-- ABOUT THIS EXERCISE --
Everything from the line containing "The actions in" through the line containing "This process repeats" in the listing below should be copied exactly, and nothing more.

-- STUDY MATERIAL --
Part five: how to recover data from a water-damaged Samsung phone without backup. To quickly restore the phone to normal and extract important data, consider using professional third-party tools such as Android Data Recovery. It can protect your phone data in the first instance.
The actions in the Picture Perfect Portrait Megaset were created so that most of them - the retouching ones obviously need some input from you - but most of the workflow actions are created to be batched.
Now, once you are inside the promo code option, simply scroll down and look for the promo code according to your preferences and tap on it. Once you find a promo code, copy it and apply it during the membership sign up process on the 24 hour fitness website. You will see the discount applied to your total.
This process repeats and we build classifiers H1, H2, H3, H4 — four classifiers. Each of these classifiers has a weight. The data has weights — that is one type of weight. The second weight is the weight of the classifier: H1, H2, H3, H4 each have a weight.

--

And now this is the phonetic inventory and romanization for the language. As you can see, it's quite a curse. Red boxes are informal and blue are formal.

---

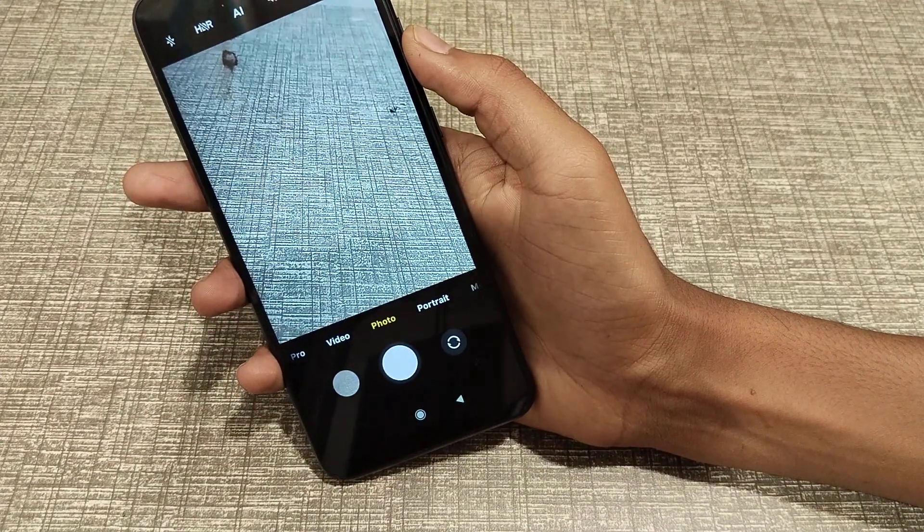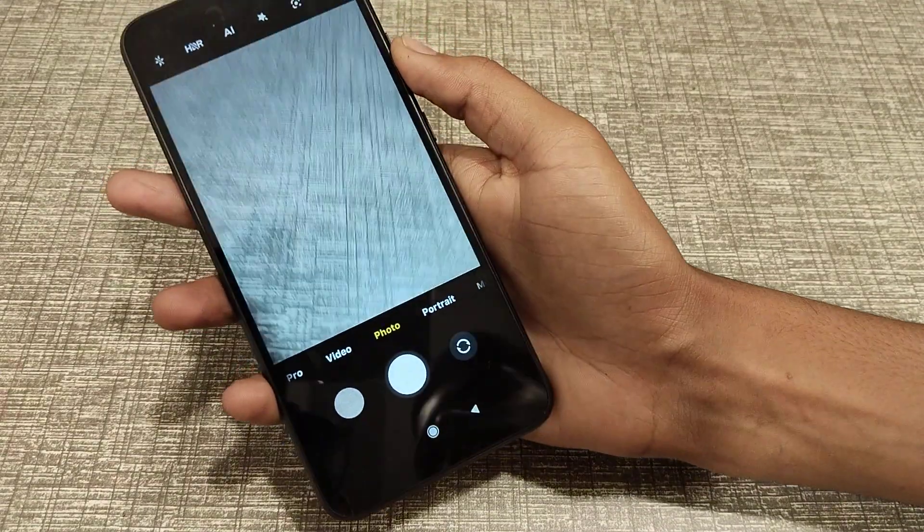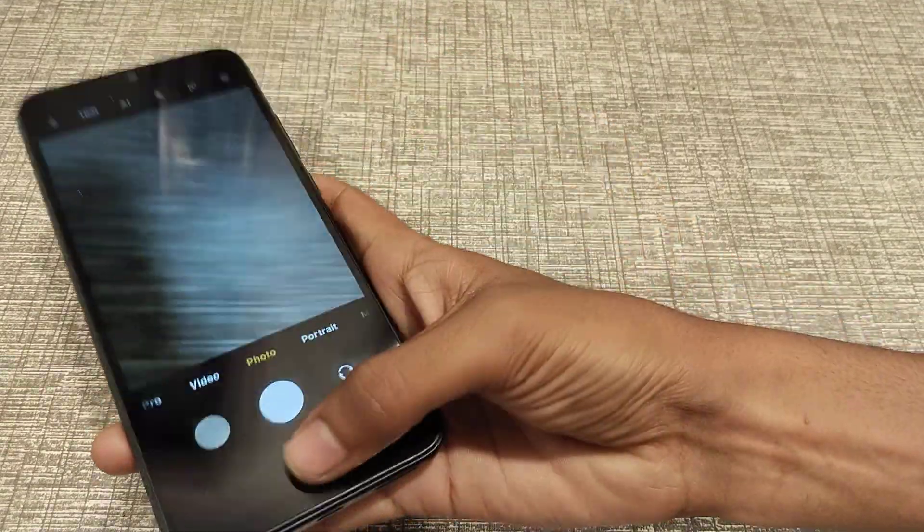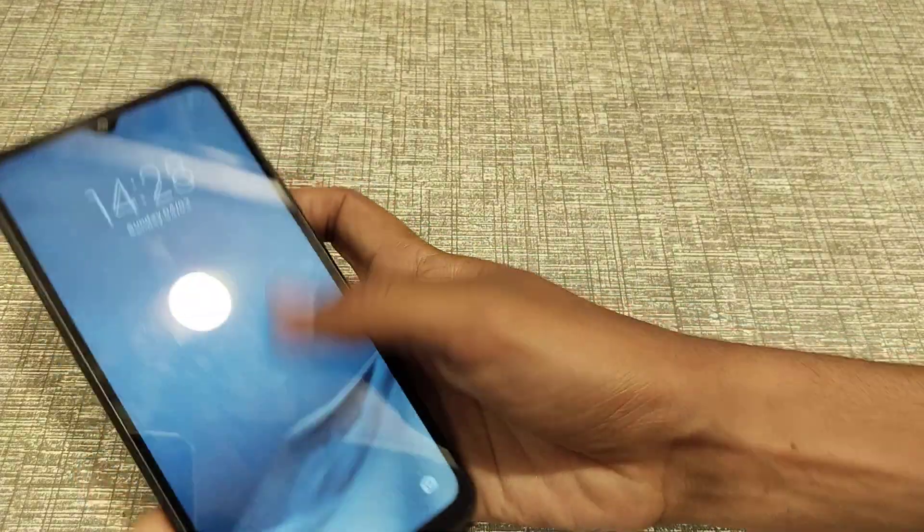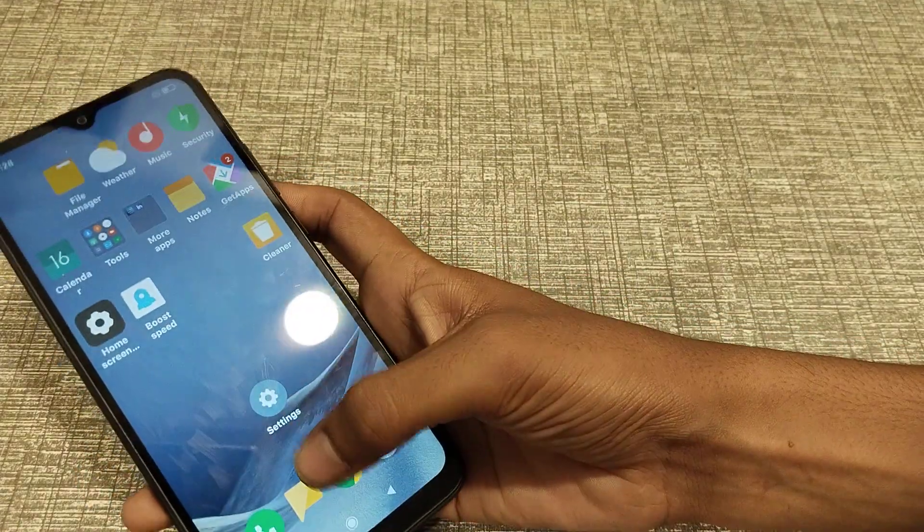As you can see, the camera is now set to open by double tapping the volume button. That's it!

-- ANSWER BOX --
The actions in the Picture Perfect Portrait Megaset were created so that most of them - the retouching ones obviously need some input from you - but most of the workflow actions are created to be batched.
Now, once you are inside the promo code option, simply scroll down and look for the promo code according to your preferences and tap on it. Once you find a promo code, copy it and apply it during the membership sign up process on the 24 hour fitness website. You will see the discount applied to your total.
This process repeats and we build classifiers H1, H2, H3, H4 — four classifiers. Each of these classifiers has a weight. The data has weights — that is one type of weight. The second weight is the weight of the classifier: H1, H2, H3, H4 each have a weight.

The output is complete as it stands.